# Inspection of the iris dataset
In this notebook the iris dataset is downloaded via `scikit-learn` with basic visualization and statistics computed.

---
tags: iris dataset, visualization, statistics,  scikit-learn

# Imports

In [1]:
import itertools
from pathlib import Path
import numpy as np
import pandas as pd
from sklearn.datasets import load_iris
from sklearn.datasets.base import load_data
import matplotlib.pyplot as plt
%matplotlib inline

ModuleNotFoundError: No module named 'sklearn'

# Load and inspect data

From the source code, with the parameter `return_X_y` set to `True`, the function [`load_iris`](https://scikit-learn.org/stable/modules/generated/sklearn.datasets.load_iris.html) downloads file `iris.csv` to `dirname(__file__)/'data'/'iris.csv'`, where `dirname(__file__)` is the name of the directory containing the module `sklearn.datasets`.

In [None]:
X, y = load_iris(return_X_y=True)

The function `load_iris()` returns the data in the form of `numpy` arrays:

In [None]:
X.shape, y.shape

showing that there are `150` samples with `4` features.  
They have numerical values, in particular the target values, which are the classes of irises:

In [None]:
n_samples = 6
np.hstack([X[:n_samples, :], y[:n_samples,None]])

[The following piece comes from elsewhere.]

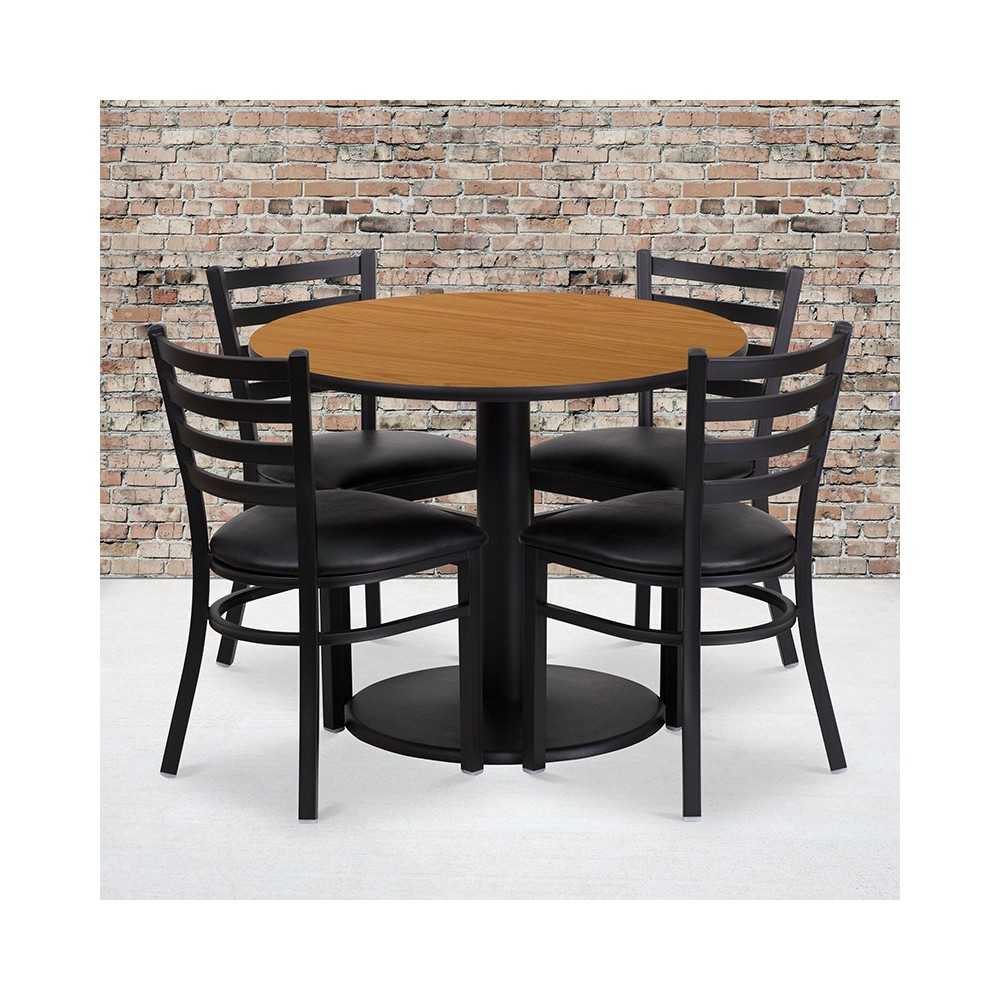 36'' Round Natural Laminate Table Set with Round Base and 4 Ladder Back Metal Chairs - Black Vinyl Seat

We verify that there are `3`, numerical classes:

In [None]:
np.unique(y)

**Questions.**
- What are the classe names?
- What are the feature names?

## Download directory
Look at the directory where the dataset has been saved.  In my case, the `scikit-learn` datasets are saved under:

In [None]:
datasets_path = Path.home()/'.pyenv/versions/pyml/lib/python3.7/site-packages/sklearn/datasets'

The **data** itself is saved under

In [None]:
path = datasets_path/'data'
# print('\n'.join([item.name for item in path.glob("*")]))

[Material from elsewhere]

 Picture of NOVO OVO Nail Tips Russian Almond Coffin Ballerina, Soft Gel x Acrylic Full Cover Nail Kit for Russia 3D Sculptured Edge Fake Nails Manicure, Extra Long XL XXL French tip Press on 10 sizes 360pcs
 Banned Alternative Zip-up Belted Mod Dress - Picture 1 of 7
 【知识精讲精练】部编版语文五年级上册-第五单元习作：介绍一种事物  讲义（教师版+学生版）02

while the **description** of the dataset is saved under

In [None]:
desc_path = datasets_path/'descr'
# print('\n'.join([item.name for item in desc_path.glob("*")]))

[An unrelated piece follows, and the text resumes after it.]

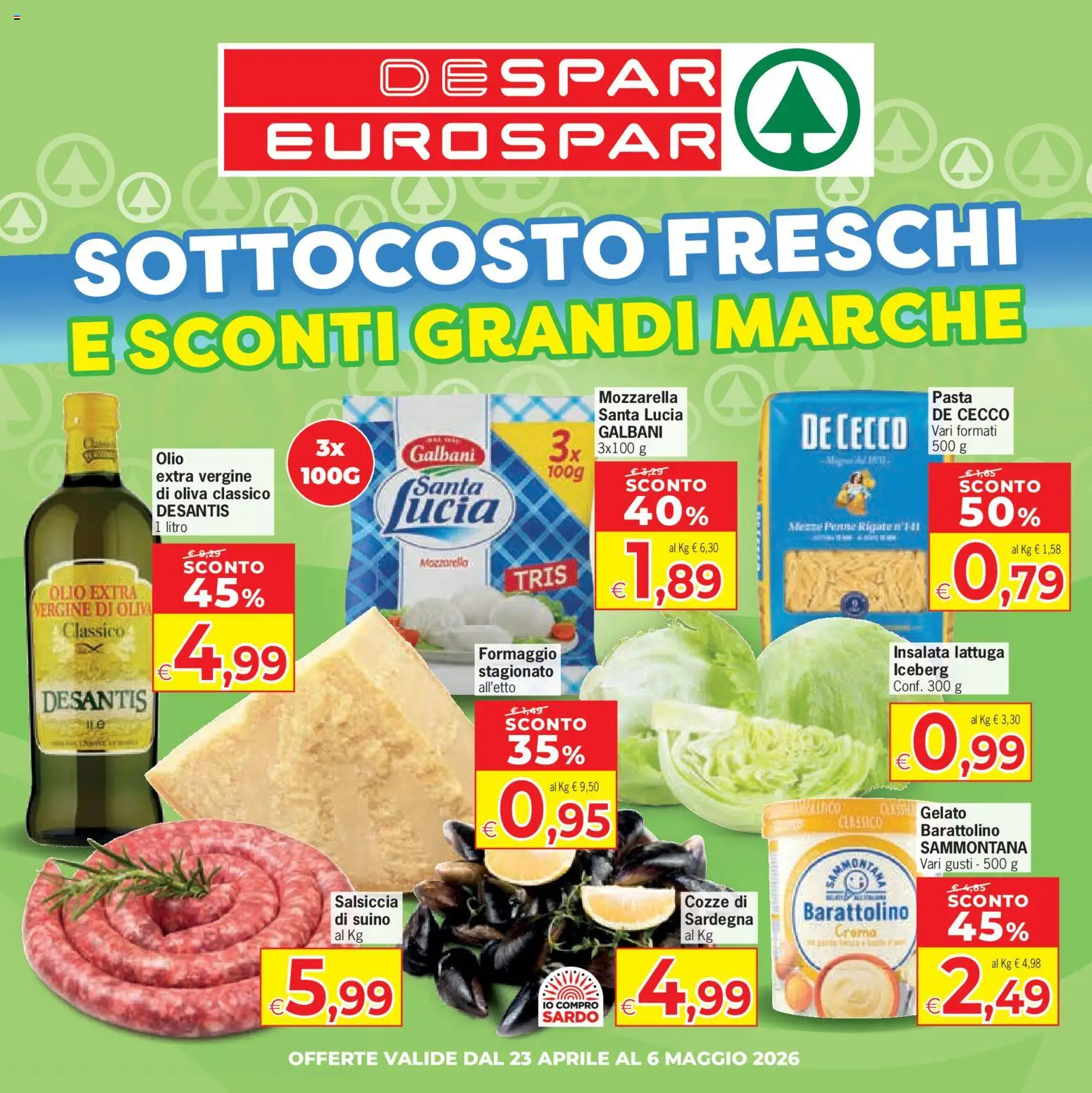 Volantino Eurospar del 23.04.2026 | Pagina: 1 | Prodotti: Gelato, Insalata, Formaggio, Olio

Inspect the data directory `path` in a bit more detail.
This directory contains all data already downloaded with `scikit-learn`:

In [None]:
sum(1 for item in path.rglob("*")), set(item.suffix for item in path.rglob("*.*"))

In [None]:
print('\n'.join([str(item.name) for item in path.rglob("*.csv")]))

# The description file `iris.rst`
From the description file `iris.rst` we learn that there are:
- 4 attributes:
    - sepal length in cm
    - sepal width in cm
    - petal length in cm
    - petal width in cm
- 3 classes:
    - Iris-Setosa
    - Iris-Versicolour
    - Iris-Virginica

The names of the features are also hard encoded in the `load_iris()` function:

In [None]:
feature_names = ['sepal length (cm)', 'sepal width (cm)',
                 'petal length (cm)', 'petal width (cm)']

The metadata can also be recovered from `load_iris` by leaving `return_X_y` set to `False`, in which case the function returns a `Bunch` with the data and the metadata, in particular the class names and the feature names.  This is explained in the documentation of the `load_iris()` function.

In [None]:
# ??load_iris
# help(load_iris)

# Using the `load_data()` function

Alternatively, by inspecting the source code of `load_iris()`, one can recover the target names with the `load_data()` function:

In [None]:
X, y, target_names = load_data(datasets_path, 'iris.csv')
classes = {i: name for i, name in enumerate(target_names)}
print(X.shape)
print(y.shape)
print('\n'.join([f"class {i}: {name}" for i, name in classes.items()]))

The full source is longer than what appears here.